* _TASK ITEM_
Except for the pictures, retype the records that follow exactly.

* _Stored data_
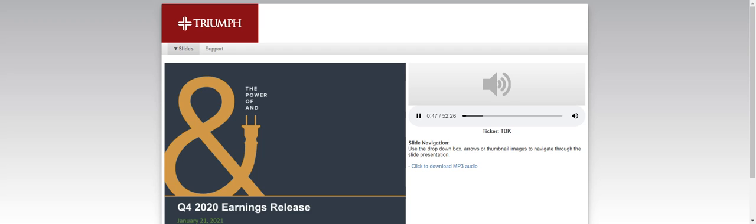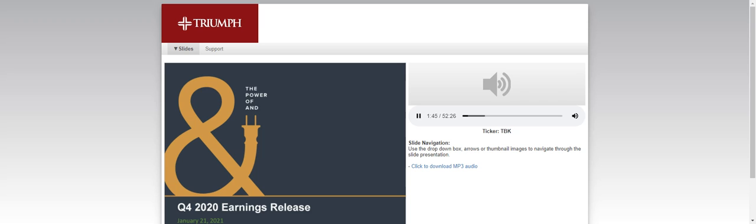Good morning. Welcome to the Triumph Bancorp conference call to discuss our fourth quarter and full year 2020 financial results. Before we get started, I'd like to remind you that this presentation may include forward-looking statements. Those statements are subject to risks and uncertainties that could cause actual and anticipated results to differ. The company undertakes no obligation to publicly revise any forward-looking statements. If you're logged into our webcast, please refer to the slide presentation available online, including our Safe Harbor Statement on Slide 2. I'm joined this morning by Triumph's Vice Chairman and CEO Aaron Graft, our Chief Financial Officer Bryce Fowler, Todd Ritterbush our Chief Lending Officer, and Jeff Brenner our CEO of Triumph Business Capital. At this time, I'd like to turn the call over to Aaron.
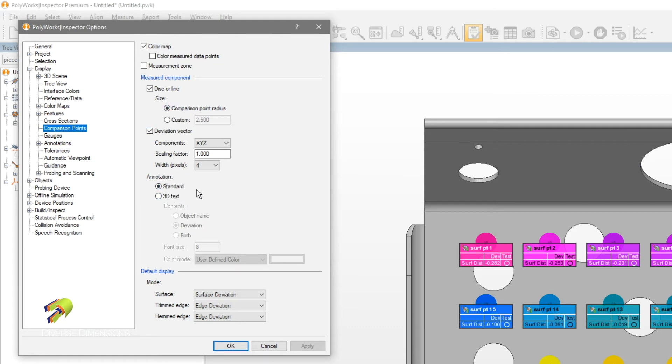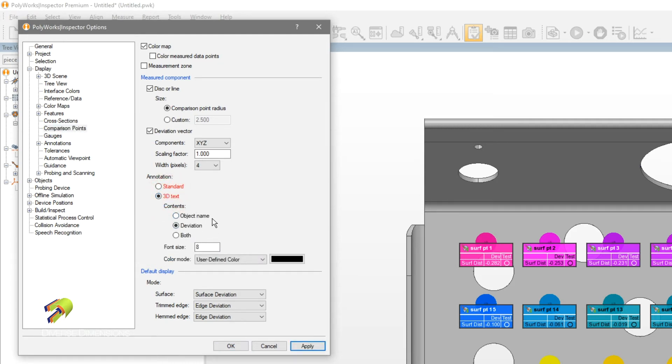What we're looking at today is annotation. We can select 3D text and there's a few different options here: object name, deviation, or both. Let's select both.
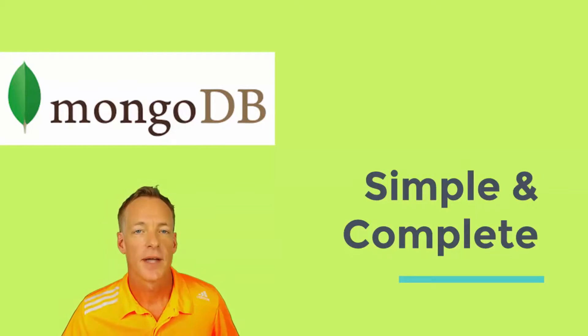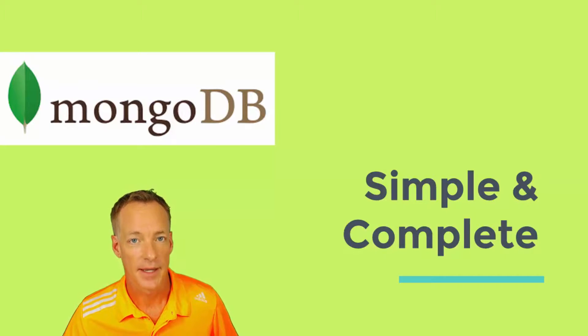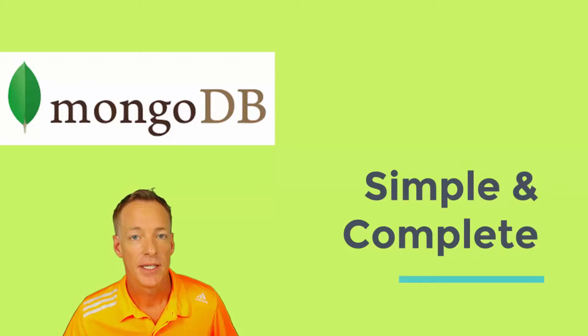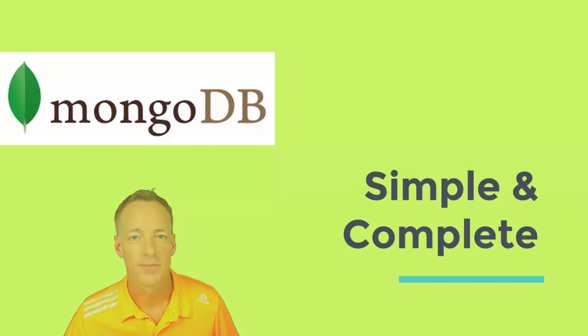We'll learn how to set MongoDB up, model our data, query our data, scale MongoDB for gigantic throughput, and much, much more.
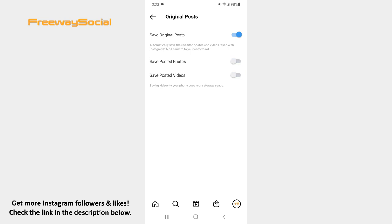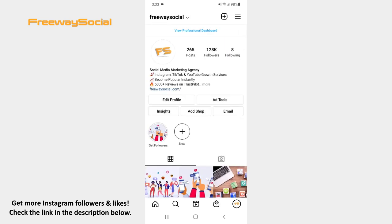That's it! I hope this guide was helpful and now you will know how to disable autosaving of Instagram posts to camera roll. Don't forget to like this video and visit us at FreewaySocial.com. See you in the next video.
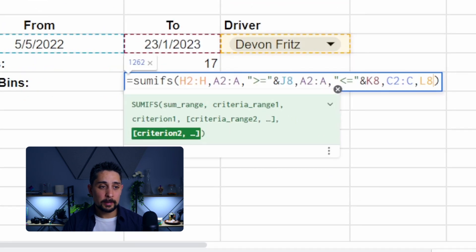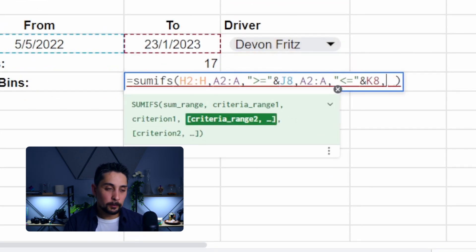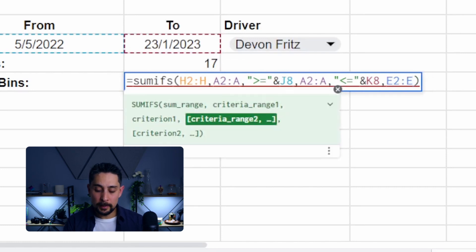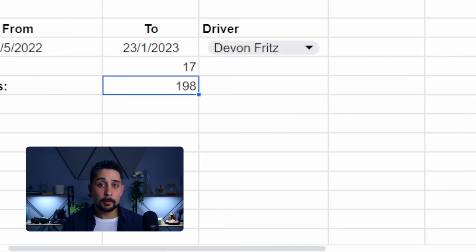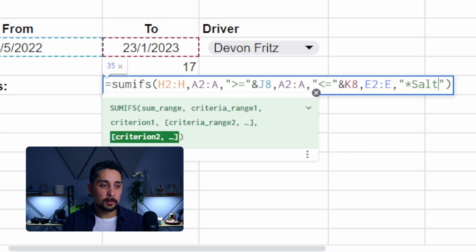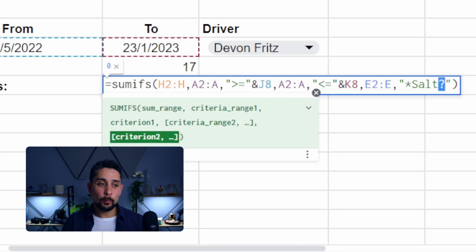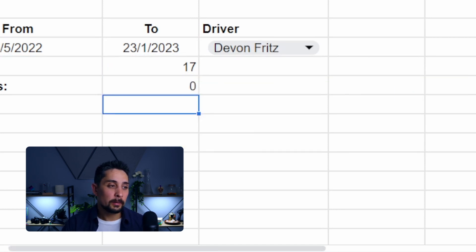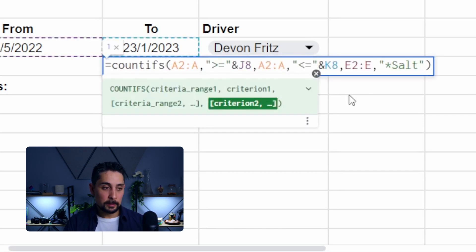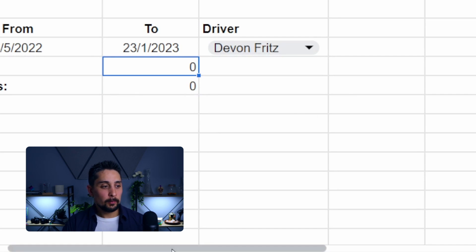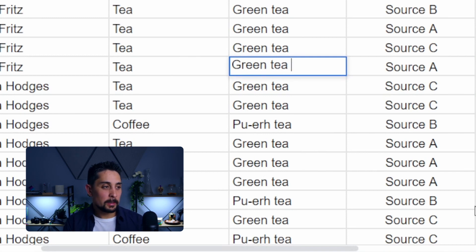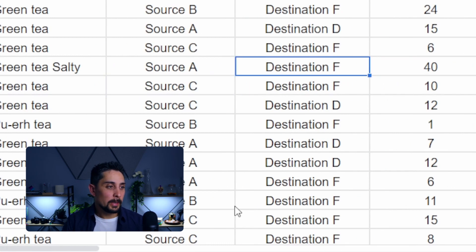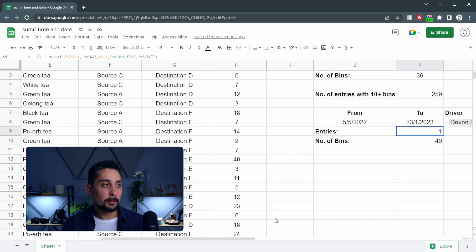So we'll head back to the data, and I know that there's also a salty TEA in here, but the salty TEA has phrases before it. So if we put a star at the start as well, we get 17 entries. If we search, there it is — this TEA with salt. So that's now added that to our count — anything with the word salt in it is now being counted. For the number of bins, we can do the exact same thing. Let's get rid of the driver, and we will say E2 to E because that's where the flavors are, and then we want to search for star-salt-star. We get 198 bins. The other option is to use a question mark. So if we change this to a question mark at the end, this is saying we're looking for many characters before the word salt, and only one character after the word salt. That gives us a total of zero bins and zero total entries.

* _RESULT OF THE EXERCISE_
Good morning. Welcome to the Triumph Bancorp conference call to discuss our fourth quarter and full year 2020 financial results. Before we get started, I'd like to remind you that this presentation may include forward-looking statements. Those statements are subject to risks and uncertainties that could cause actual and anticipated results to differ. The company undertakes no obligation to publicly revise any forward-looking statements. If you're logged into our webcast, please refer to the slide presentation available online, including our Safe Harbor Statement on Slide 2. I'm joined this morning by Triumph's Vice Chairman and CEO Aaron Graft, our Chief Financial Officer Bryce Fowler, Todd Ritterbush our Chief Lending Officer, and Jeff Brenner our CEO of Triumph Business Capital. At this time, I'd like to turn the call over to Aaron.
What we're looking at today is annotation. We can select 3D text and there's a few different options here: object name, deviation, or both. Let's select both.
We'll learn how to set MongoDB up, model our data, query our data, scale MongoDB for gigantic throughput, and much, much more.
That's it! I hope this guide was helpful and now you will know how to disable autosaving of Instagram posts to camera roll. Don't forget to like this video and visit us at FreewaySocial.com. See you in the next video.
So we'll head back to the data, and I know that there's also a salty TEA in here, but the salty TEA has phrases before it. So if we put a star at the start as well, we get 17 entries. If we search, there it is — this TEA with salt. So that's now added that to our count — anything with the word salt in it is now being counted. For the number of bins, we can do the exact same thing. Let's get rid of the driver, and we will say E2 to E because that's where the flavors are, and then we want to search for star-salt-star. We get 198 bins. The other option is to use a question mark. So if we change this to a question mark at the end, this is saying we're looking for many characters before the word salt, and only one character after the word salt. That gives us a total of zero bins and zero total entries.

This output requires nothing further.